■ **Exercise instructions**: For the entries below, the result should be an exact transcription of the lines from the one with "Dacia Duster 1.6" up to and including the one with "Dewalt 18V 10", and only those.

■ **Data extracts**:
⟨

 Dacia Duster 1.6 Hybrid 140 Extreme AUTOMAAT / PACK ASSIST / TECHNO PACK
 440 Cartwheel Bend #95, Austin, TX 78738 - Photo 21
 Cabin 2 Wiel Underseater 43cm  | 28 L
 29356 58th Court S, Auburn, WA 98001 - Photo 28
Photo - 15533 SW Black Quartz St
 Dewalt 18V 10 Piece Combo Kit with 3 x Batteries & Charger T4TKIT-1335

⟩
⟨

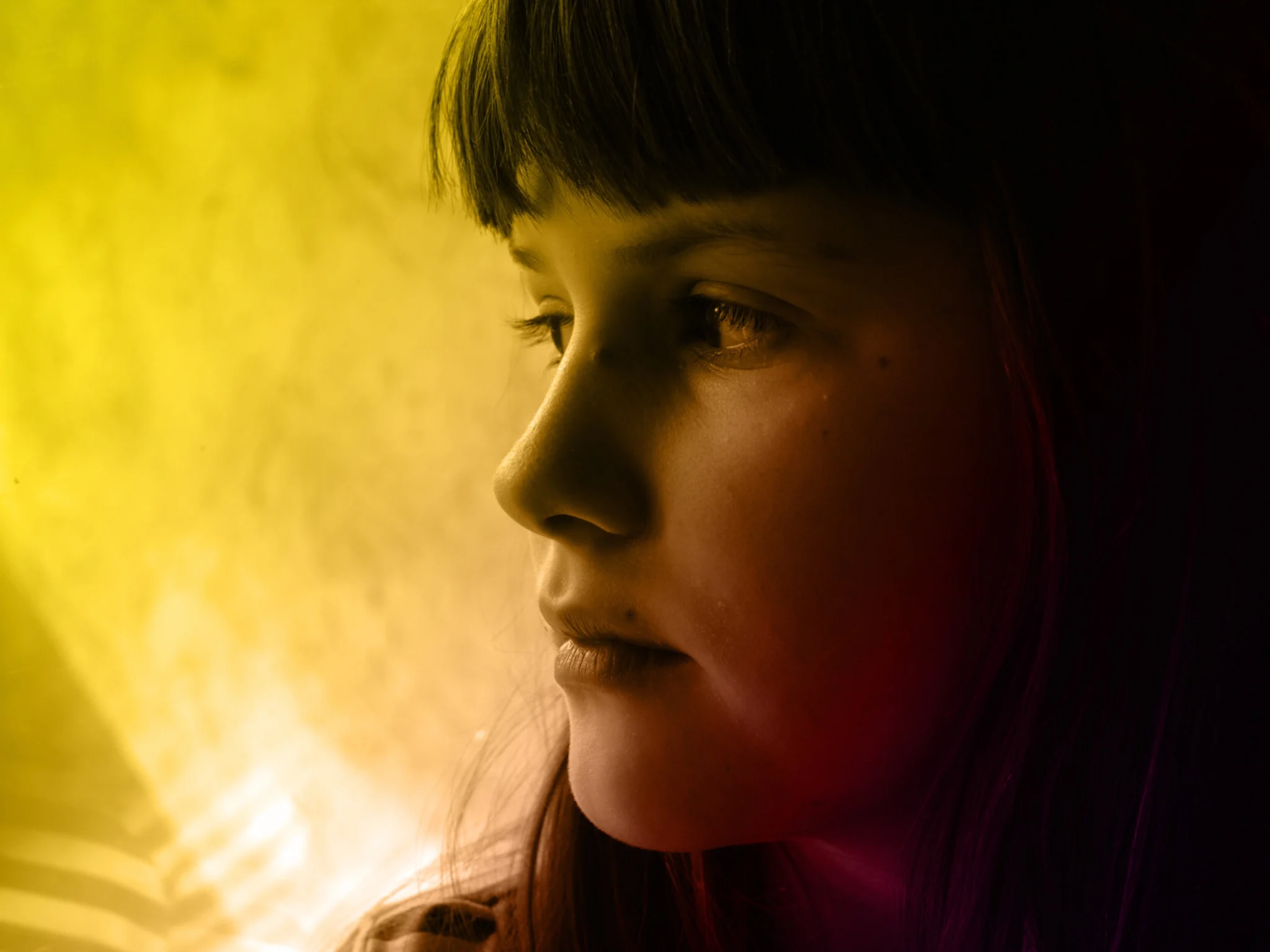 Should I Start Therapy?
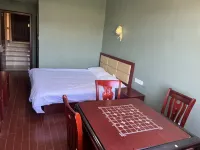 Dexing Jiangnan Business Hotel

⟩
⟨

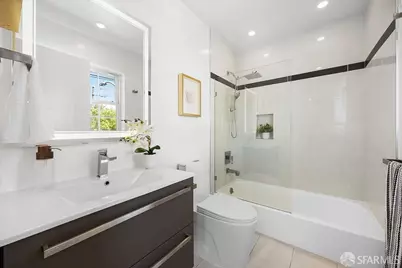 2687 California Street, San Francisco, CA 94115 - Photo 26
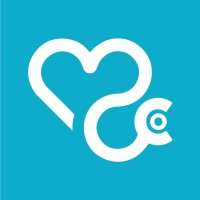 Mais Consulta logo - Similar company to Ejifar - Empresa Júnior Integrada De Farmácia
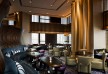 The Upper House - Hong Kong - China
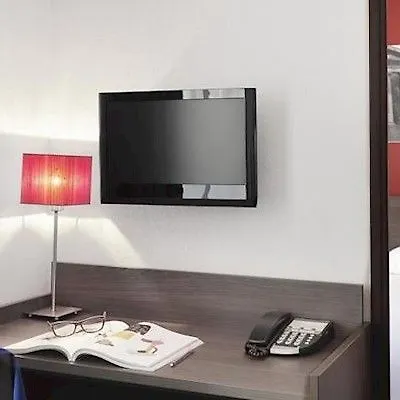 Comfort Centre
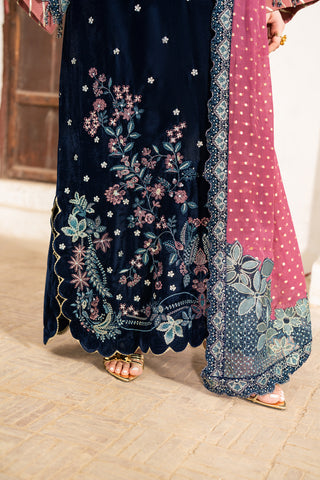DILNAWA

⟩

■ **Solution**:
 Dacia Duster 1.6 Hybrid 140 Extreme AUTOMAAT / PACK ASSIST / TECHNO PACK
 440 Cartwheel Bend #95, Austin, TX 78738 - Photo 21
 Cabin 2 Wiel Underseater 43cm  | 28 L
 29356 58th Court S, Auburn, WA 98001 - Photo 28
Photo - 15533 SW Black Quartz St
 Dewalt 18V 10 Piece Combo Kit with 3 x Batteries & Charger T4TKIT-1335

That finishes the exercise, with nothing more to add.